I've been thinking about how imperative it is to my graduating for me to complete my last assignments that I've been fucking around for a week now. One professor called me. I've yet to contact the other. My aunt wants to purchase an outfit for me to wear under that god-awful polyester black robe next Sunday. No one in my family knows how close I am to not walking across that stupid stage. No one really knows how I feel about this "problem" because I have no idea how I feel. Sometimes, I just want to run away and say, "Fuck you!" to those who've raised me and tried to mold me into a functioning member of society. Sometimes, I want to stay up for hours with the aid of energy drinks and cigarettes to complete my assignments as best as I possibly can given the ever-shrinking time limit I've constructed. Sometimes, I consider just ending everything because everything is nothing is anything is.,. pointless.

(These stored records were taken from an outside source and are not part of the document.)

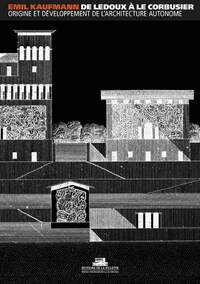 De Ledoux à le Corbusier, origine et développement de l'architecture autonome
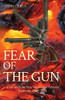 FEAR OF THE GUN: A tale set in the New Mexico and Arizona Territories 1849 - 1884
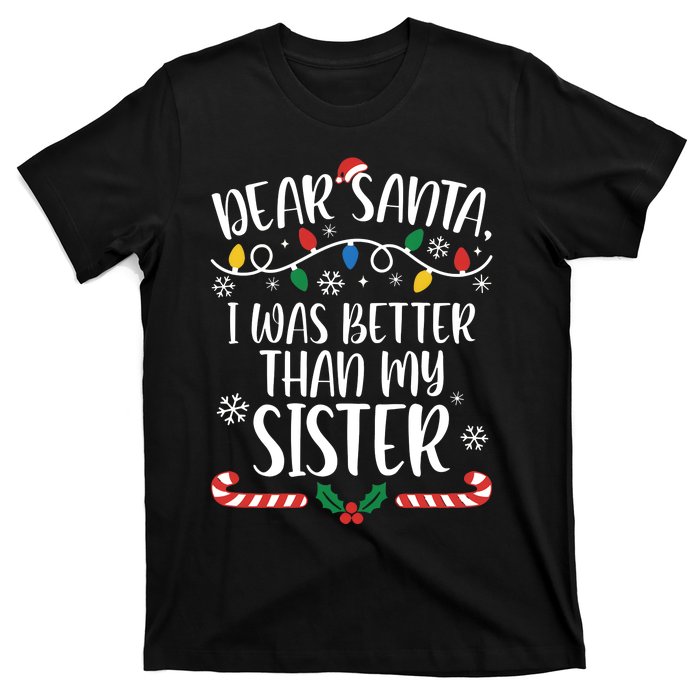 Dear Santa I Wasb Etter Than My Sister Funny Christmas Matching Family T-Shirt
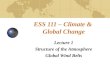 ESS 111 – Climate & Global Change Lecture 1 Structure of the Atmosphere Global Wind Belts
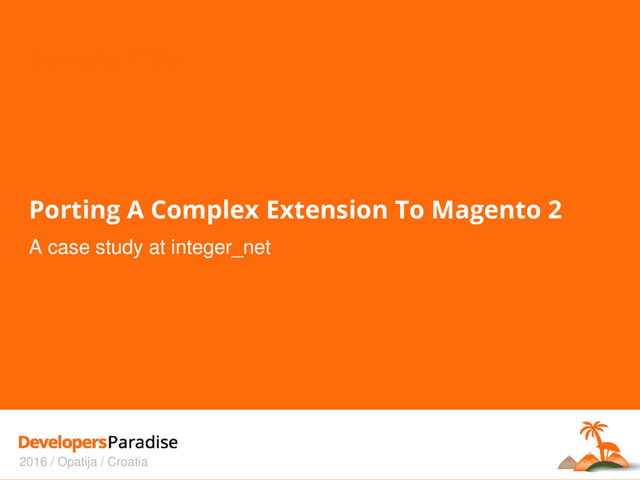 Sample Title
2016 / Opatija / Croatia
Porting A Complex Extension To Magento 2
A case study at integer_net
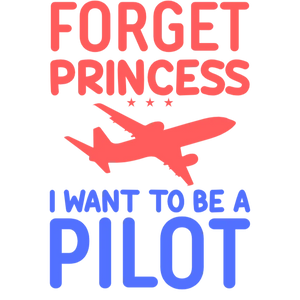 Forget Princess I Want to be a Pilot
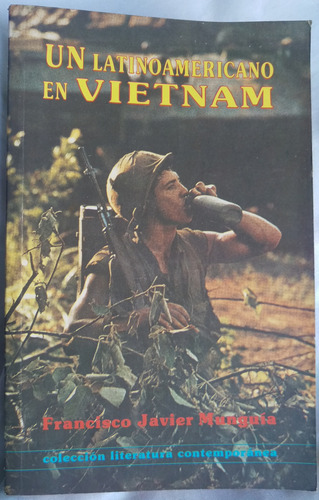 Un Latinoamericano En La Guerra De Vietnam De F. J. Munguia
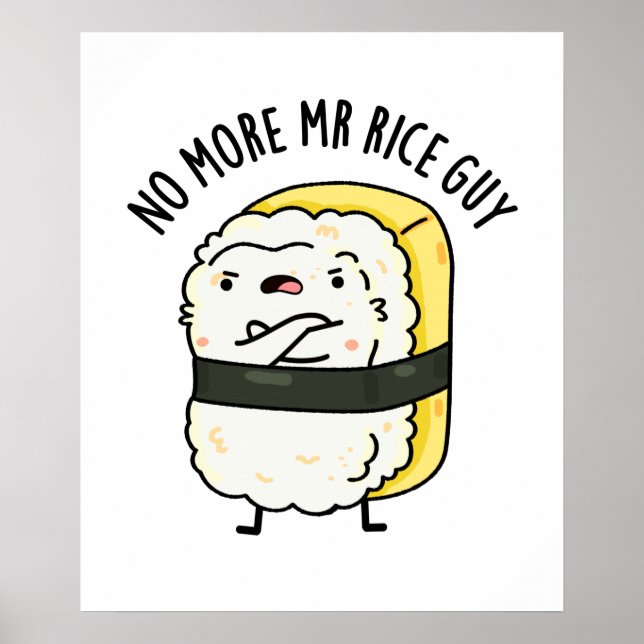 No More Mr Rice Guy Cute Sushi Pun Poster (Front)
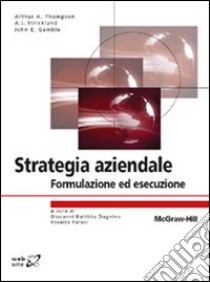 Strategia aziendale libro di Thompson Arthur A.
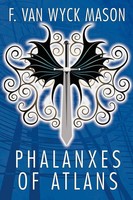 F. Van Wyck Mason | Phalanxes Of Atlans | Taschenbuch | Englisch (2010)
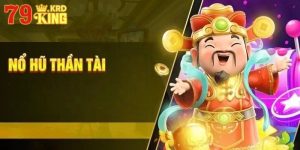 Giới thiệu tựa game nổ hũ thần tài là như thế nào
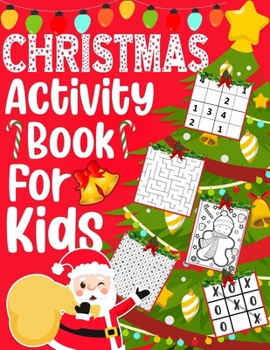 Paperback Christmas Activity Book for Kids: Over 60 Christmas Activities For Children Ages 4-10, Coloring Pages, Mazes, Sudoku Puzzles, Word Search, and More! Book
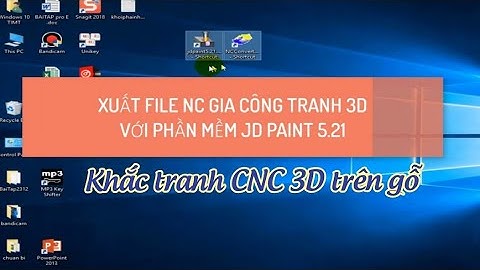 JD Paint 5.21: Xuất File Gia Công - Khắc CNC Tranh Phong Cảnh 3D, Tranh Tứ Quý | mau free
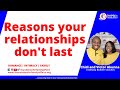Reasons your relationships don't last | Chidi and Victor Akunna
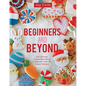 Beginners and Beyond: Step by Step Cookie Creation - Paperback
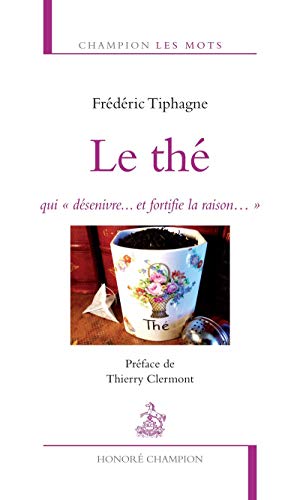 Beispielbild fr Le Th,qui dsenivre.et fortifie la raison. zum Verkauf von GF Books, Inc.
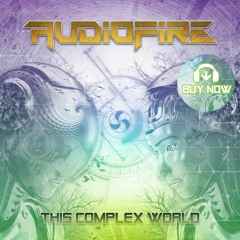 AudioFire - This Complex World Teaser (OUT NOW)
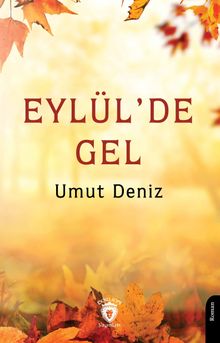 Eylül'de Gel - Umut Deniz PDF İndir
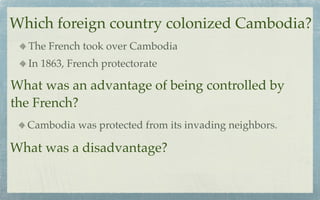 Which foreign country colonized Cambodia?
  The French took over Cambodia
  In 1863, French protectorate

What was an advantage of being controlled by
the French?
  Cambodia was protected from its invading neighbors.

What was a disadvantage?
 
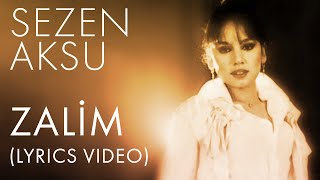 Sezen Aksu  Zalim Lyrics  Şarkı Sözleri [upl. by Gonzalez469]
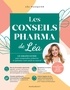 Léa Wauquier - Les conseils pharma de Léa - Le grand guide pour comprendre, préserver et optimiser votre santé au naturel.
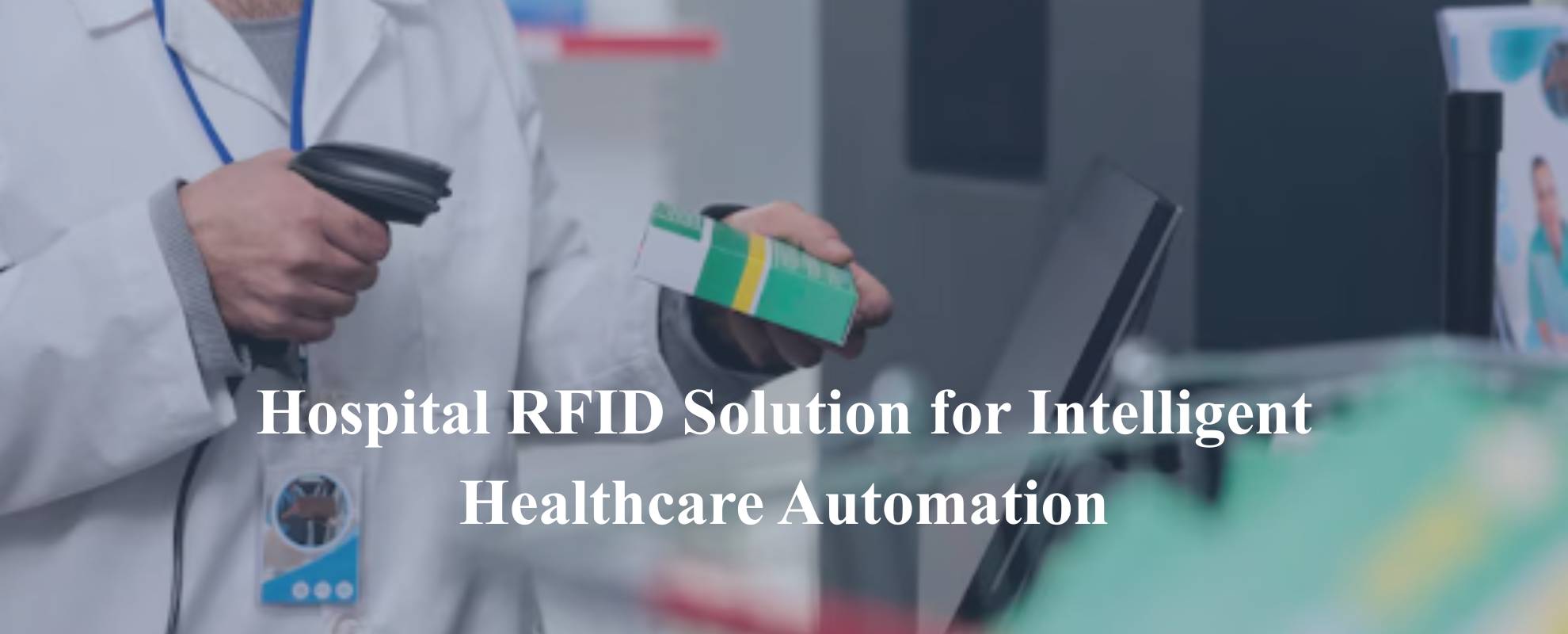 Hospital RFID Solution for real time healthcare automation
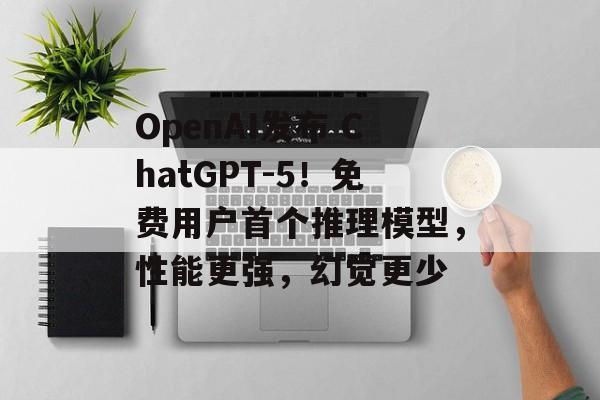 OpenAI发布 ChatGPT-5！免费用户首个推理模型，性能更强，幻觉更少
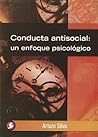 Conducta antisocial: un enfoque psicológico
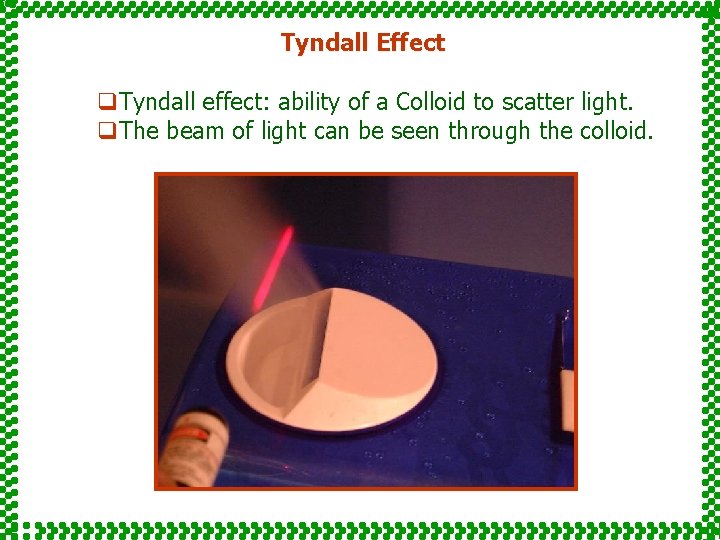 Tyndall Effect q. Tyndall effect: ability of a Colloid to scatter light. q. The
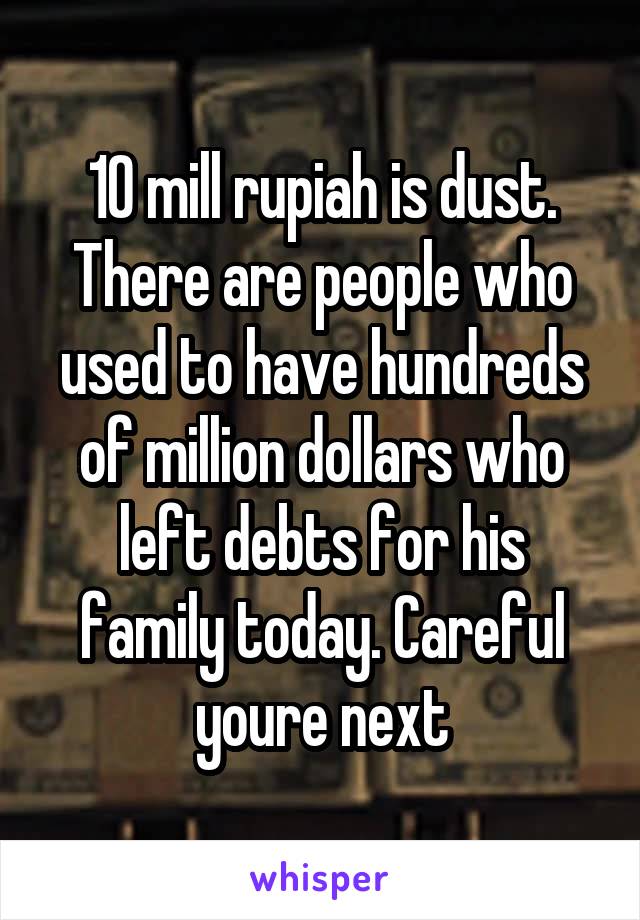 10 mill rupiah is dust. There are people who used to have hundreds of million dollars who left debts for his family today. Careful youre next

Also, I just got paid, but my entire check went to overdraft fees that I unknowingly incurred last Sunday. So I'm $375 poorer for the next 2 weeks. I'm sure my parents will be stoked on this, especially since I just walked away from my mom when she asked me about tickets for graduation for the upteenth time. There are no tickets, as far as I know, and I haven't made an effort to confirm my knowledge because I don't give a fuck if anyone is there. What the fuck did they do? Force me through these last 5 years because I'd be nothing without a bachelor's degree. Funny, I feel more lost now than I did when I was 18. Thanks, America.